Au 1er juin, le gouvernement ukrainien, la Commission européenne et la Banque mondiale chiffraient à 349 milliards de dollars la somme nécessaire à la reconstruction du pays. C’est plus d’une fois et demi le PIB ukrainien d’avant-guerre. Nous étions alors à quatre mois de conflit, seulement. Le Fonds Monétaire International a lui évalué les besoins financiers mensuels de l’Ukraine pour 2023 à trois ou quatre milliards d’euros, voire à cinq milliards si les destructions liées à la guerre s’aggravent.

« Il est en réalité extrêmement difficile d’avancer de tels chiffres. Savoir ce qui doit être reconstruit en 2023, en 2024, en 2025, c’est compliqué », soutient l’Élysée pour qui l’estimation de 50 milliards d’euros faite par l’université de Kiev est sans doute sous évaluée. « L’impact de l’invasion se fera sentir pendant des générations », estime de son côté le rapport conjoint du gouvernement ukrainien et de la Banque Mondiale. A fortiori si la guerre perdure.

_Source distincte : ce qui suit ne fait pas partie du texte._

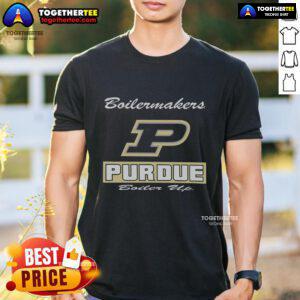 Alt Text: Official Purdue Boilermakers Waver T-Shirt featuring team colors and logo, perfect for fans and game day attire.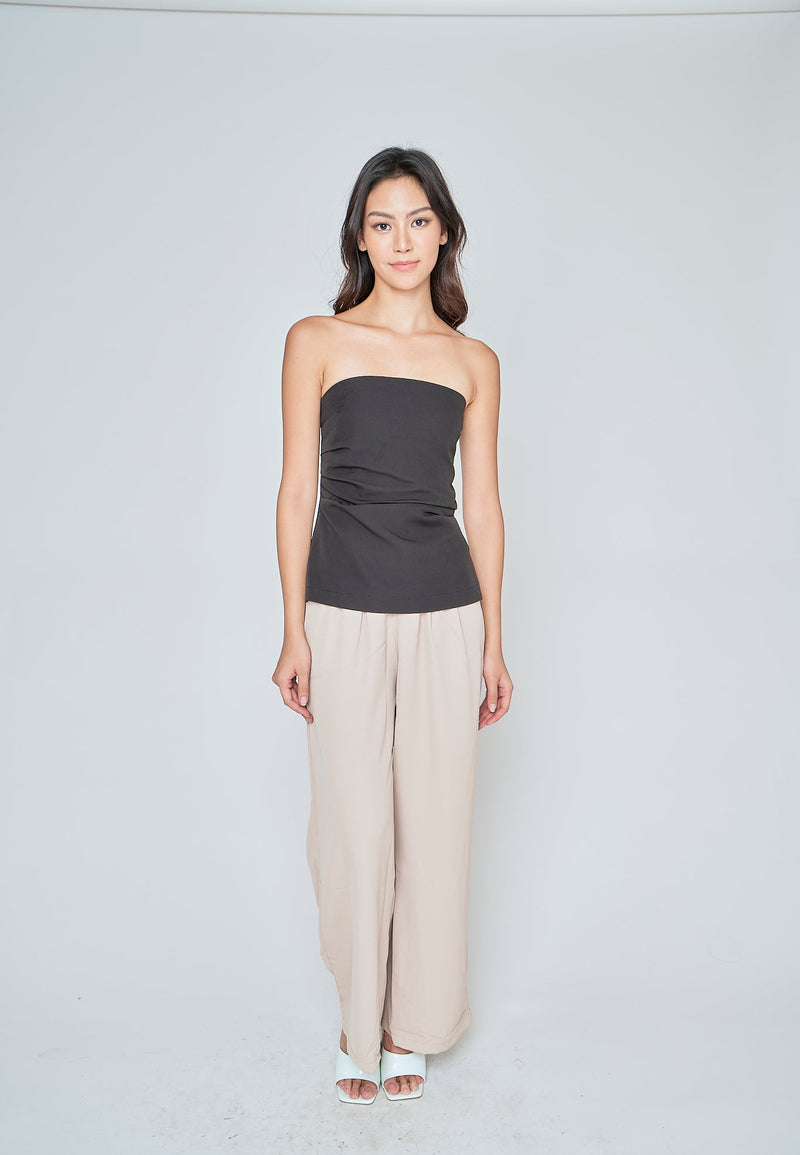 Daina Black Ruch Sides Tube Top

« Mais on ne peut pas se permettre d’attendre la fin de la guerre pour voir ce qu’on fait », justifie la présidence. La solidarité n’est pas la seule motivation des discussions sur la reconstruction. Sur le plan militaire, se projeter dans l’après-guerre est un ressort psychologique important pour le moral des troupes et celui des civils. Surtout, « il y a dans la reconstruction quelque chose de très politique », souligne-t-on autour d’Emmanuel Macron. Avec des enjeux aussi bien internationaux que franco-français.

Derrière la reconstruction, une place à prendre en Ukraine

Sans le dire, cela permet de réaffirmer un soutien sur le long terme, alors que la Russie mène une guerre « d’usure et de perception ». S’impliquer dans l’avenir est aussi et surtout une façon de se faire une (bonne) place en Ukraine, alors que le pays est officiellement candidat pour intégrer l’UE. Sans oublier qu’une aide économique est plus facile à justifier sur le plan diplomatique qu’une aide militaire et permet de faire oublier (un peu) les critiques sur l’engagement français aux côtés des troupes ukrainiennes. « Il est important qu’on puisse faire passer le message à la fois à Moscou mais aussi à la population ukrainienne que la France, la communauté internationale, est à ses côtés aujourd’hui mais sera aussi à ses côtés demain et dans les années qui viennent », insiste l’Élysée.

« Il est important qu’on puisse faire passer le message à la fois à Moscou mais aussi à la population ukrainienne que la France sera aussi à ses côtés demain et dans les années qui viennent. »

Pour mettre en valeur le « made in France », pas moins de 500 entreprises françaises sont attendues aux tables rondes avec des ministres ukrainiens autour de cinq thématiques : les infrastructures, la santé, l’énergie, l’agroalimentaire, et la technologie et le digital. L’Élysée promet de mettre en place 1,2 milliard d’euros de « garanties export » afin de sécuriser les entreprises et de les inciter à investir dans un pays encore en conflit.

« Les Ukrainiens, le gouvernement ukrainien souhaite beaucoup que les entreprises françaises puissent aussi participer en quelque sorte à l’effort et conserver le lien », assure-t-on au sommet. Une reconstruction gagnant-gagnant, à condition d’être en pole position sur la ligne de départ.